## INSTRUCTIONS TO FOLLOW
Both the line below containing "Jura Côtes-du-Jura Domaine" and the line containing "Load image into", along with every line between them, should be repeated exactly; no other line belongs in the answer.

## DATA FOR PROCESSING
──────────

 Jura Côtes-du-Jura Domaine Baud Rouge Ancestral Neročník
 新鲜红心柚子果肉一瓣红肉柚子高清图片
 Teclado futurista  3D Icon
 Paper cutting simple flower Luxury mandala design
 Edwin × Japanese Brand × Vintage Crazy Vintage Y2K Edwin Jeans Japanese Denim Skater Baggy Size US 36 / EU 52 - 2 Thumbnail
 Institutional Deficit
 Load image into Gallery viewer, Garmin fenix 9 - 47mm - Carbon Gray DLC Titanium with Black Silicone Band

──────────

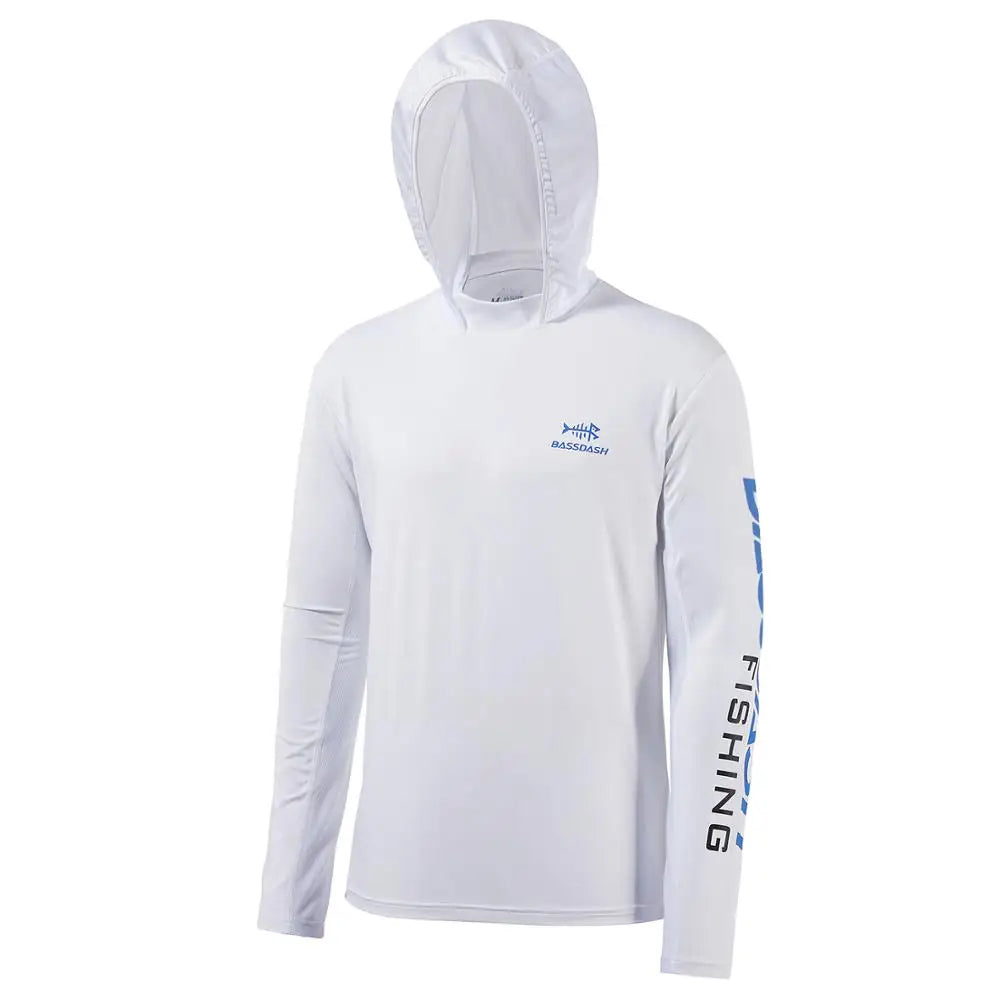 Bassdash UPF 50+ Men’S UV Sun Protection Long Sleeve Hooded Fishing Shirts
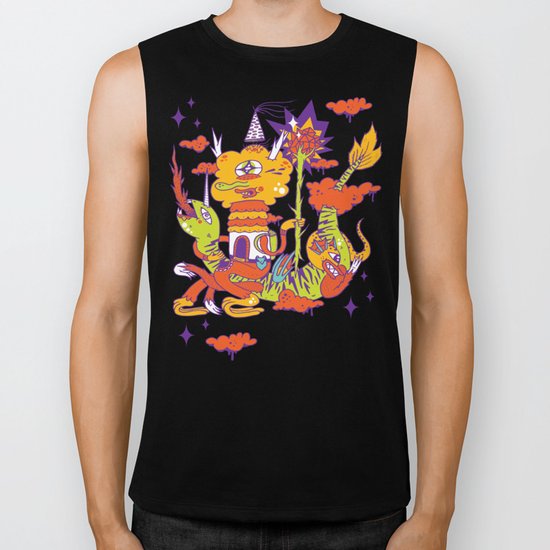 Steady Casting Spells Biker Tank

──────────

## RESPONSE BOX
 Jura Côtes-du-Jura Domaine Baud Rouge Ancestral Neročník
 新鲜红心柚子果肉一瓣红肉柚子高清图片
 Teclado futurista  3D Icon
 Paper cutting simple flower Luxury mandala design
 Edwin × Japanese Brand × Vintage Crazy Vintage Y2K Edwin Jeans Japanese Denim Skater Baggy Size US 36 / EU 52 - 2 Thumbnail
 Institutional Deficit
 Load image into Gallery viewer, Garmin fenix 9 - 47mm - Carbon Gray DLC Titanium with Black Silicone Band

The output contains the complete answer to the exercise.